BASIC FUNCTIONALITY AND PERFORMANCE
Performance wise the phone pretty much handled whatever we threw at it.
Basic functionality wise it hits all the correct point with good call quality and reception on both wi-fi and mobile networks along with 4G. Speaker is a bit weak but it did improve on its past predecessor.
Battery life is where the phone excels and it gave us around 2 days of battery time with normal usage(lots of wi-fi,network and decent amount of calling).
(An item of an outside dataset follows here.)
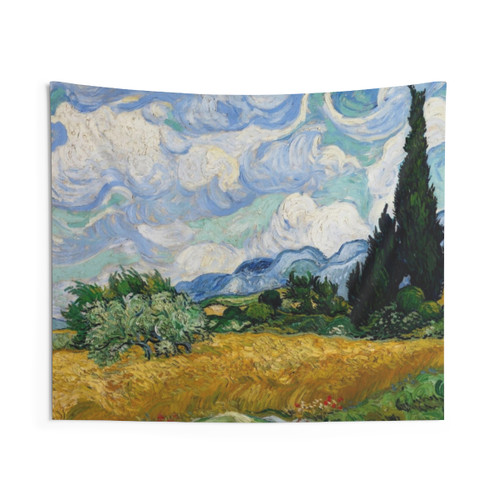 Vincent van Gogh Wheat Field with Cypresses Tapestry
It’s a bit lower than the older Zenfone MAX but that’s expected since we have a slightly powerful chipset this time around.
On the Gaming side of things we tried Asphalt 8 and Clash of Clans and a lil bit modern Combat 4, the phone ran all three pretty decently without any major hiccups.
The Zenfone MAX capitalized on one idea: To give excellent battery life to a decently made smartphone. While it succeeds at that, we cannot help but feel there are some inadequacies. Firstly, a fingerprint sensor would have helped immensely and would have boosted the value of the phone. Secondly, 3 GB RAM should have been standard on the Rs. 9,999 variant, a hike of Rs. 3,000 for the RAM itself doesn’t seem justified. Thirdly, the ZenUI needs to be more streamlined and needs to have more variants, and while there is a theme market, the fact that Asus does not support third party themes leaves a bad taste in the mouth (where is my dark theme, Asus?). Fourthly, even at the cost of battery life, a Full HD display would have been more attractive.
Despite all of these the phone is still a good buy in sub 10K if you are looking for no frills smart phone with a good battery life and camera. The performance boost keeps it relevant despite a few hiccups and we would definitely suggest the phone for shortlisting if anyone is looking at the Sub 10K market.
Overall after a bit of brainstorming and a little bit of argument about the phone, we decided a Silver award should be apt for this phone since the Zenfone Max 2016 offers a decent upgrade over its predecessor without losing its focus on battery life.